Lamine Diack a-t-il financé Y’en a marre ?

À peine la piste Macky Sall était-elle abandonnée, au lendemain du démenti du Monde, qu’une nouvelle cible était désignée par divers sites Internet et médias sénégalais, ainsi que par le PDS : le mouvement citoyen Y’en a marre, né dans le quartier populaire des Parcelles Assainies un soir de coupure de courant prolongée, en janvier 2011, et devenu le symbole du ras-le-bol anti-Wade à la veille de la dernière présidentielle.

Mardi, une vidéo était postée en boucle sur les réseaux sociaux : une interview de Fadel Barro, l’un des fondateurs du mouvement, dans l’émission « Sen Jootay », de la chaîne Sen TV, était censée démontrer la collusion entre Y’en a marre (YAM) et Lamine Diack. Seul problème : cette émission, diffusée en avril 2015, n’évoque pas l’ancien président de l’IAAF.

C’est en réalité dans une édition de Sen Jootay datant de septembre 2013 que Fadel Barro détaille les financements (symboliques, à l’exception d’une subvention de l’ONG Oxfam) dont bénéficie le mouvement. Parmi d’autre parrains, dont l’artiste Youssou Ndour, il y évoque le soutien de Lamine Diack (alors unanimement respecté) au Forum européen organisé par Y’en à marre en 2013, bien après l’élection présidentielle. Celui-ci avait participé à la manifestation et pris en charge quelques billets d’avion. Mais selon deux responsables de YAM interrogés par Jeune Afrique, il n’a joué aucun rôle à leurs côtés durant la campagne de 2012.
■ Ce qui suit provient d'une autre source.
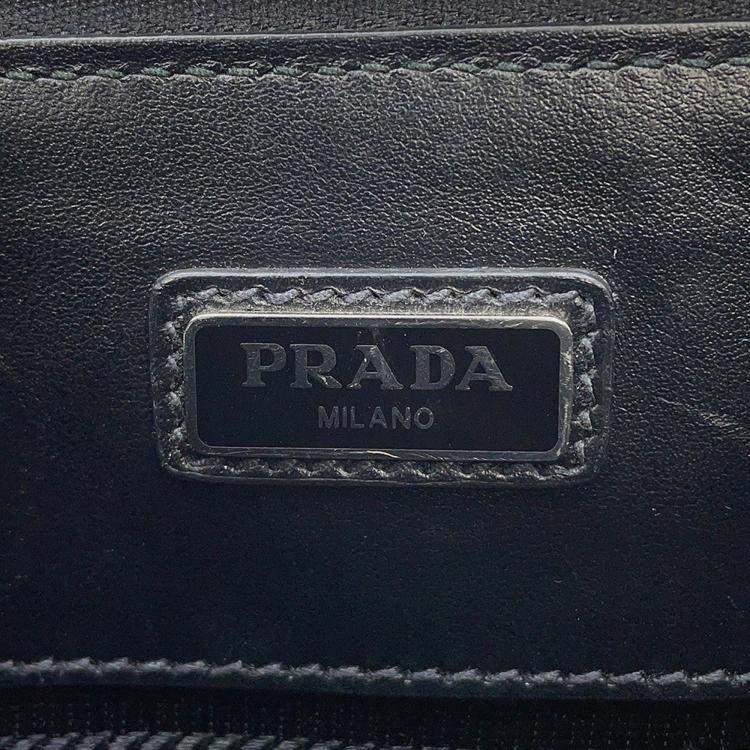 Pre Owned Prada Saffiano Leather Clutch Bag Black Leather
Les révélations de Lamine Diack sont-elles crédibles ?

Devant la justice comme dans son interview, Diack s’abstient de toute précision qui permettrait de les corroborer. Il ne cite aucune personnalité politique, aucun parti, aucune organisation de la société civile qui aurait bénéficié de ses subsides, ni aucun prestataire qu’il aurait lui-même rétribué pour le compte d’un tiers.
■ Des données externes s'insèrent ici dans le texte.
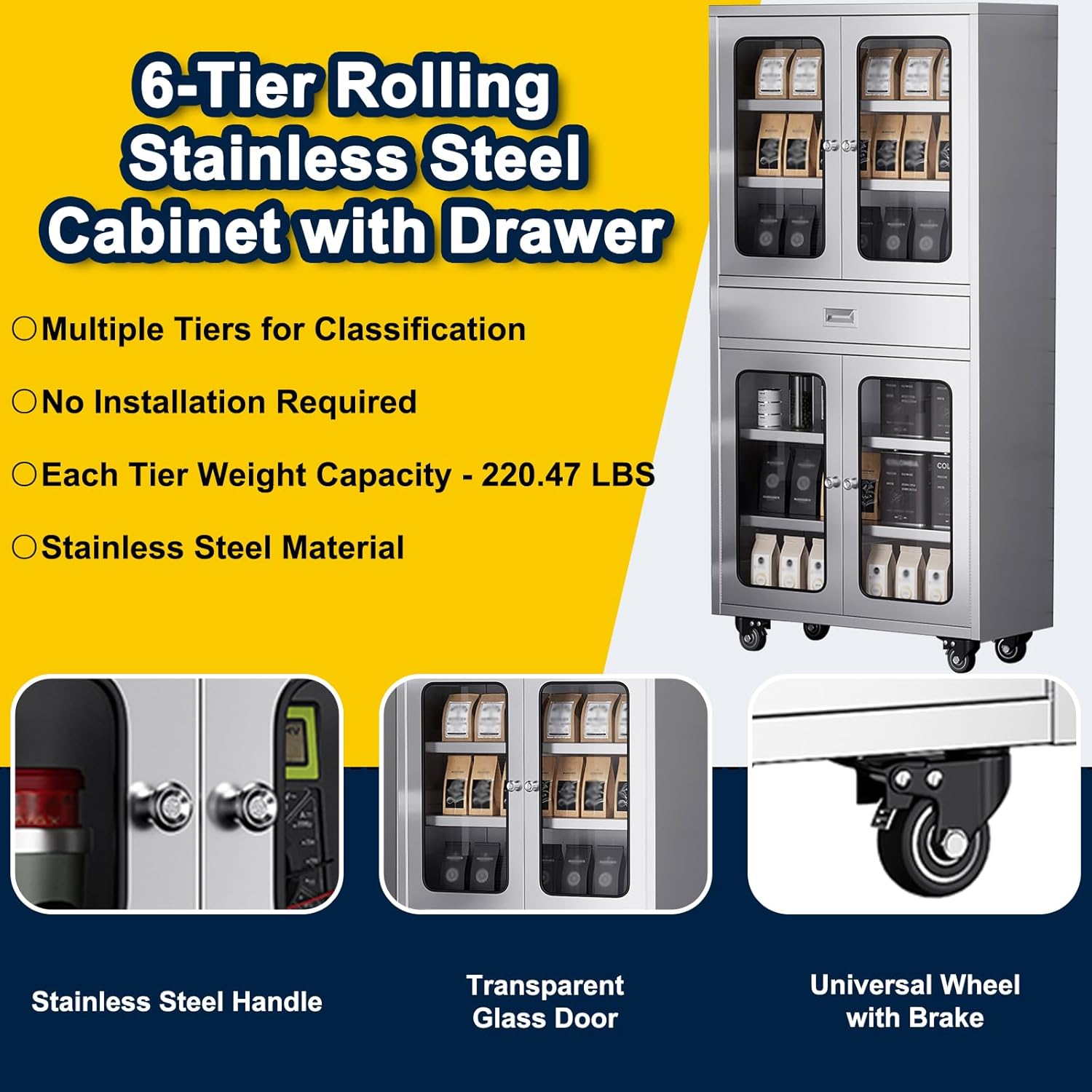 68" Full-Assembled Stainless Steel Cabinet with 1 Drawer and Glass Doors, 6-Tier Rolling Kitchen Pantry Storage Cabinet with Wheels for Garage, Warehouse, Utility Room, Laundry Room, Restaurant, Cafe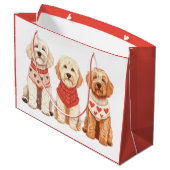 Valentine Goldendoodle Hunde Große Geschenktüte (Rückseite Schrägansicht)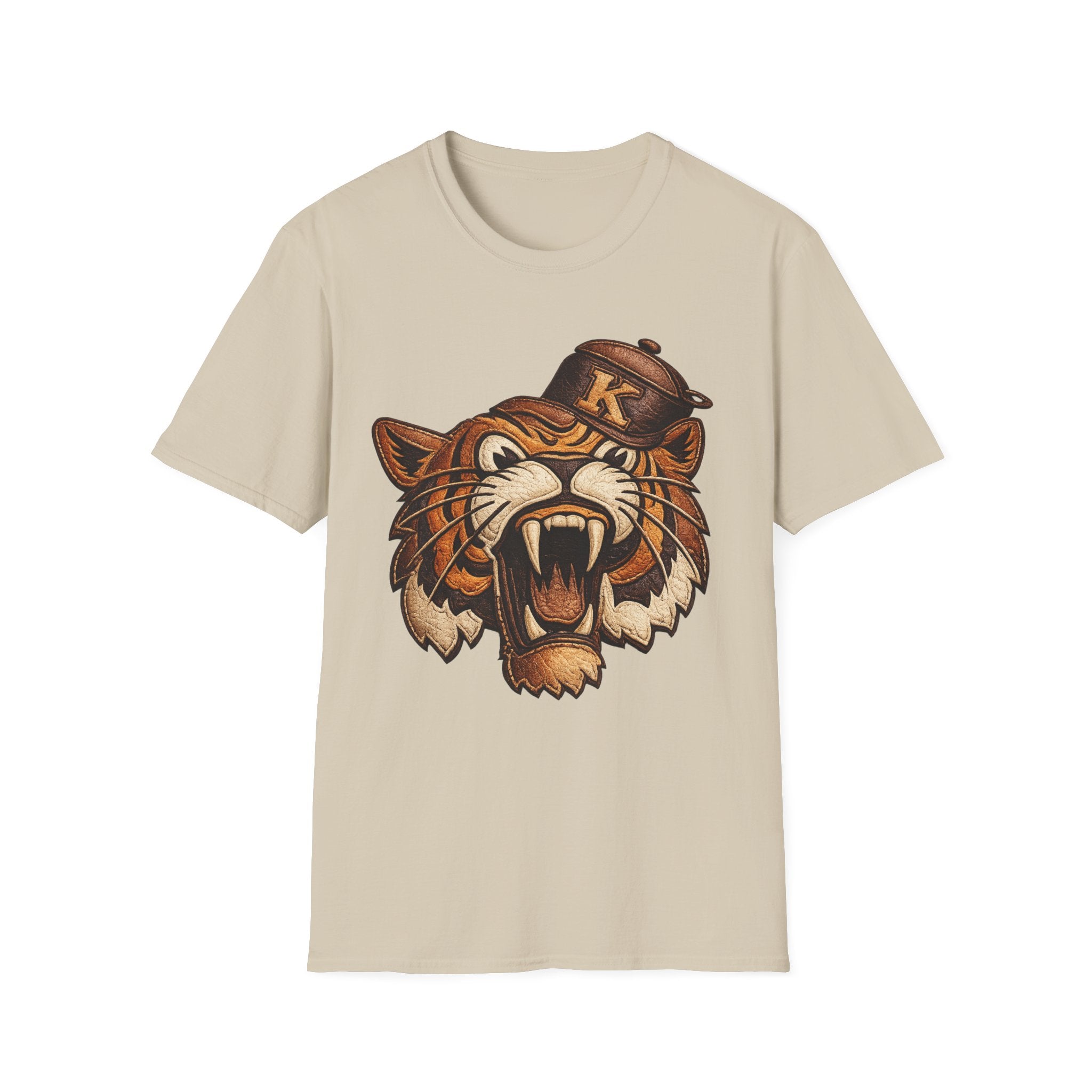 Vintage Roaring Tiger Graphic T-Shirt — Retro K Leather logo Big Cat Design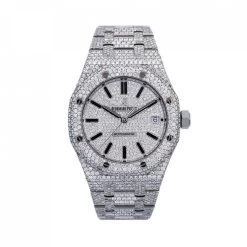 Unisex Diamond Watch Audemars Piguet Royal Oak Selfwinding Silver Tone Dial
Le vieil homme aurait-il invoqué ce scénario pour rendre sa disgrâce moins infamante, en prétextant avoir agi de manière désintéressée au profit de l’opposition ? Seules les investigations judiciaires à venir permettront de confirmer si Lamine Diack a réellement été le grand argentier des campagnes de 2009 et 2012 – et, si c’est bien le cas, au bénéfice de qui.

Son fils Massata Diack, recherché par la justice française pour son rôle présumé dans le scandale de l’IAAF, et qui se trouve actuellement au Sénégal, a fermement contesté hier, dans une longue interview au Groupe Futurs Médias, les propos de son père au sujet de ce financement politique, les mettant sur le compte de son grand âge.